Here’s a perfect example from Samantha LaDuc:

“If one Bitcoin is sold in units of ‘Sats,’ and there are over 2 quadrillion of those, HOW can they claim scarcity, lack of dilution, hedge against inflation/DEBASEMENT? This would seem to be common knowledge and well, ‘MATH’?”

At first glance, this might sound like a reasonable concern. But the premise is entirely wrong. It confuses divisibility with supply expansion, and the math here doesn’t say what she thinks it says.

According to her logic, we could feed the world with one pizza. Just cut it into an infinite number of pieces. You see what the problem is with that reasoning? Let’s break it down.

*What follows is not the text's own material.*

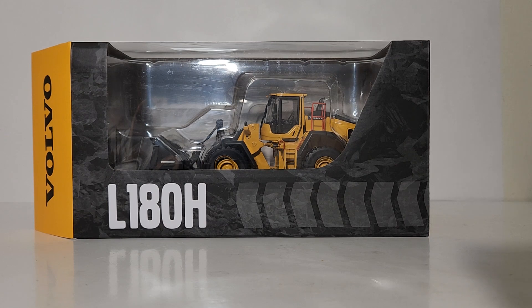Welcome friends and collectors. You've joined me for yet another brand new Diecast Emporium review. We're going to be taking a look today at the MotorArt Volvo L180H wheel loader in 1-50 scale.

Divisibility Doesn’t Equal Inflation

This is the key issue: Bitcoin’s total supply is 21 million BTC—hard-capped. That does not change just because it can be divided into smaller units.

Think about dollars:

  • A dollar is made up of 100 cents.
  • If we started using half-cents, does that mean we printed more money? No.
  • Dividing an existing thing into smaller parts doesn’t create more of it.

Bitcoin is the same.

  • Each BTC is divisible into 100 million satoshis.
  • That gives us 2.1 quadrillion satoshis total.
  • But the total BTC supply remains 21 million BTC—forever.

Saying Bitcoin isn’t scarce because it has many sats is like saying gold isn’t scarce because we can measure it in milligrams instead of ounces.

And look.. there are discussions to be had about where the decimal points of Bitcoin actually should be. Bitcoin doesn’t exist on its network.


The Statement in the Tweet is Wrong for Several Reasons

This idea that satoshis somehow “dilute” Bitcoin’s scarcity misunderstands multiple key concepts:

1. Confusing Scarcity with Divisibility

  • Bitcoin is scarce because only 21 million BTC will ever exist. This is coded into the protocol.
  • The fact that BTC can be divided into satoshis does not increase the total supply.
  • Just like 1 dollar can be divided into 100 cents, but the total supply of dollars does not increase because of it.

2. No Dilution or Inflation

  • Bitcoin cannot be printed or inflated beyond 21 million BTC.
  • Dividing an asset does not dilute its value.
  • Breaking a $100 bill into ten $10 bills doesn’t mean you have more money—it’s just in smaller units.

3. Logical Fallacy

This argument is like saying:

  • “There are 100 trillion pennies in circulation, so how can the U.S. dollar be scarce?”
  • That’s obviously nonsense—the number of pennies does not change the total supply of U.S. dollars.
  • Similarly, 2.1 quadrillion satoshis exist because Bitcoin is divisible, not because the supply is increasing.

Scarcity is About Total Supply, Not Sub-Units

If Bitcoin had been designed differently—let’s say:

  • 21,000 BTC, each divisible into 100 billion satoshis
  • Or 21 trillion BTC, but each one was only divisible into 100 units

Would that make Bitcoin more or less scarce?

The total supply is what matters, not how we count it.

We already measure scarcity in different ways:

  • Gold: Ounces, grams, or milligrams—but the amount of gold stays the same.
  • Stocks: Companies can split shares into smaller units, but that doesn’t change the total value of the company.

Bitcoin’s 2.1 quadrillion satoshis exist to allow for smaller transactions—not because its supply is expanding.


The Real Takeaway

Scarcity isn’t about how small the units are—it’s about whether new supply can be created.

  • Bitcoin = 21 million BTC, forever.
  • Each BTC = 100 million satoshis.
  • The total supply never increases.

No matter how many times someone tries to frame divisibility as dilution, it doesn’t make Bitcoin any less scarce.

So, the tweet misinterprets how scarcity and divisibility work in Bitcoin, leading to a false conclusion. And the fact that people are still making this argument in 2025 just proves how much more education is needed.